Among the estimated 1.5 billion speakers of English, only 350 to 450 million speak English as a first language. An equivalent number speak English as a second language, many of them in countries where their variety of English has official status. An even greater number of people speak English as a foreign language, using English as a language of international communication (Crystal 1995, 1997). To capture this diversity of Englishes and the global spread of English, Braj Kachru (1988, 1992) has proposed three concentric circles representing traditions of English use:
The Inner Circle, or “the traditional cultural and linguistic bases of English” (1988, p. 1), including Australia, Canada, New Zealand, the United Kingdom, and the United States
The Outer Circle, where nonnative varieties of English that developed during colonization have become institutionalized as second languages in education, government, or commerce, but are rarely the first language of the citizens (with some 60 countries, including India, Jamaica, Kenya, Nigeria, and Singapore)

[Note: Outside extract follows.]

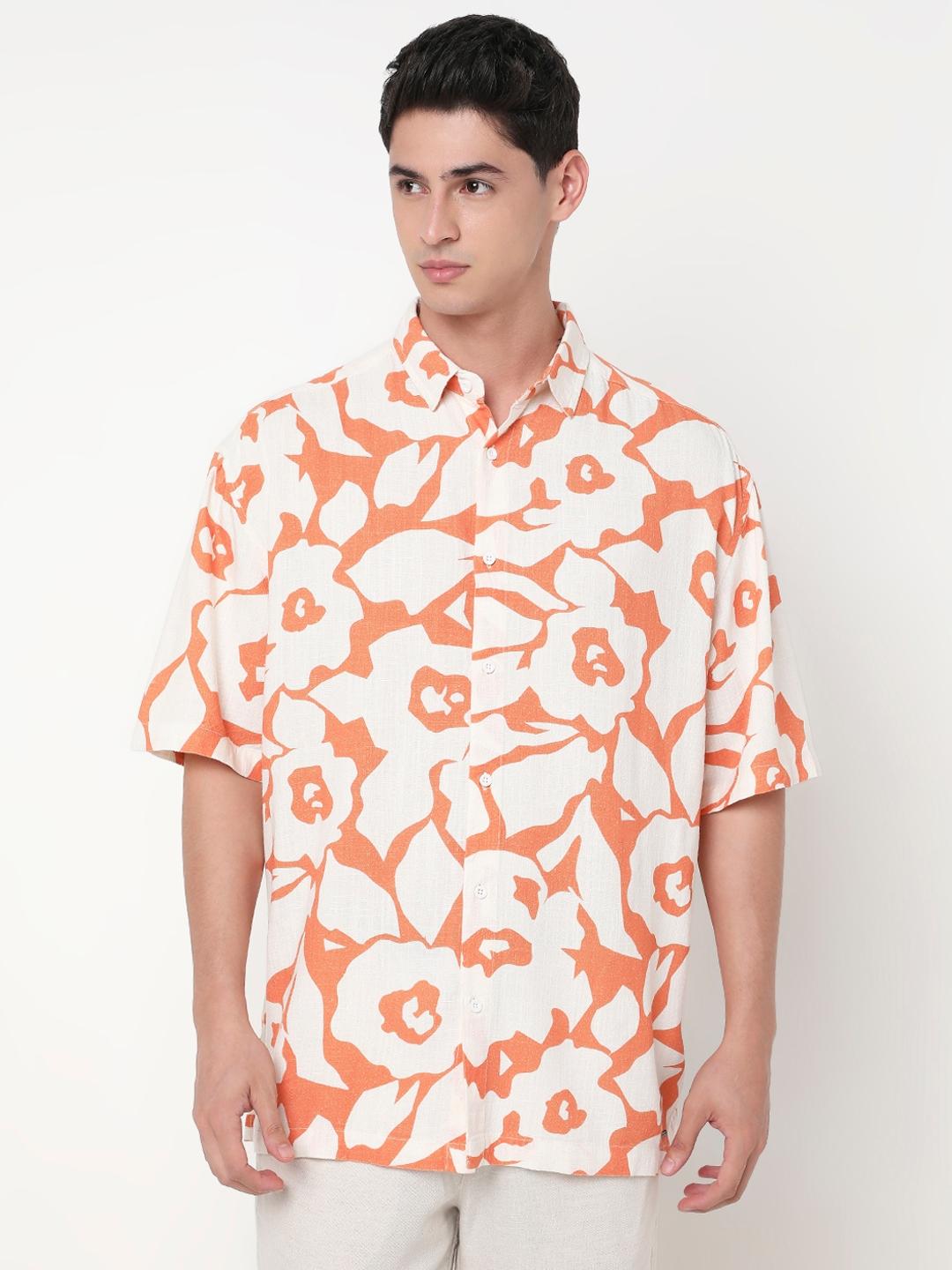 Boxy Fit All Over Printed Short Sleeve Shirt with Classic Collar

The Expanding Circle, where English is learned as a foreign or international language and functions as a lingua franca for people speaking different languages in countries such as China, Egypt, Indonesia, Korea, and Zimbabwe
The term World Englishes, then, recognizes the global spread of English and the maintenance of different local or national varieties of English, especially among individuals in the Outer Circle countries.

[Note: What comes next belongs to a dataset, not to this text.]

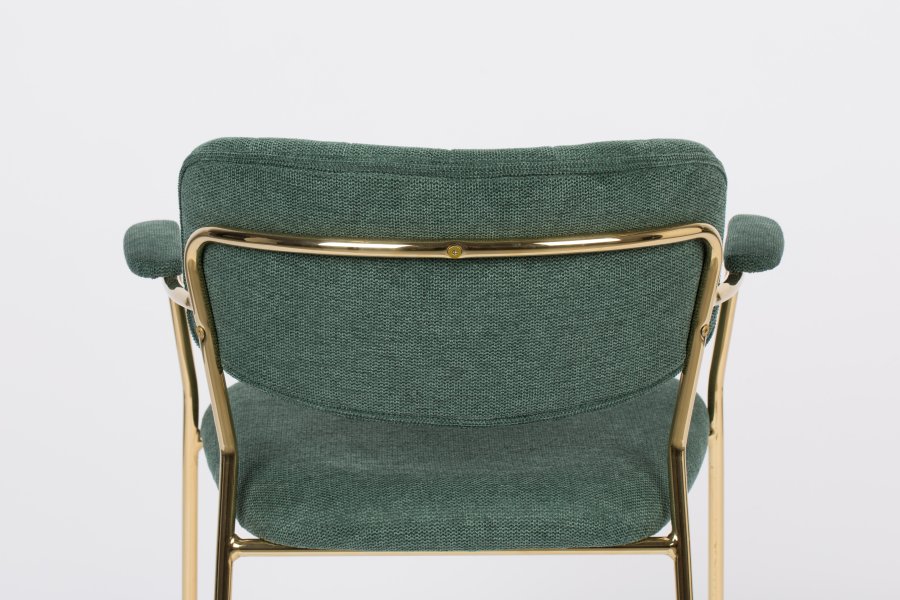 WHITE LABEL LIVING Jolien spisebordsstol, m. armln - mrkegrn polyester/nylon og guld stl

In many ESOL classrooms in the United States, diverse Englishes are neither accepted nor understood. The view that there is one appropriate English for use in school is all too common. Immigrant students who arrive in the United States speaking English may face judgment of their English variety as “odd” or “bad.” A student from Ghana said, “So when I came here, they were laughing at me, and I’m like, why are they laughing at me for, because I didn’t talk with their accent.” Many speakers of World Englishes report being told by students and teachers alike that they were “not speaking proper English.” Even teachers are not immune to these comments. An English teacher from Trinidad reported that a student once asked her, “How can you teach English when you don’t even speak it?”
Speakers of World Englishes represent a significant community of immigrant students in some U.S. schools, but their special needs are often not adequately addressed either in programs of special support or in the mainstream classroom. Because the variety of English they speak can differ substantially from varieties of American English, these students may not even be considered English speakers. At the same time, because they speak a variety of English, they are not considered to be English language learners as traditionally defined. For those with low literacy due to limited or interrupted schooling, neither traditional placement with a reading resource specialist nor placement with English language learners in an ESOL literacy class is likely to be appropriate. For students with substantial schooling and literacy skills, neither a mainstream English class nor an advanced ESOL reading and writing class may be appropriate. When there are sufficient numbers of World English speakers in one school or district, it is possible to provide special courses for them. When that is not possible, schools may rely on the ESOL teacher to assess the student’s English language and literacy and propose an instructional program. While ESOL teachers have an important role to play, few of them were given the opportunity to learn about the status and nature of Englishes around the world in their teacher preparation programs (see Brown, 2002). The same is true for most mainstream teachers as well.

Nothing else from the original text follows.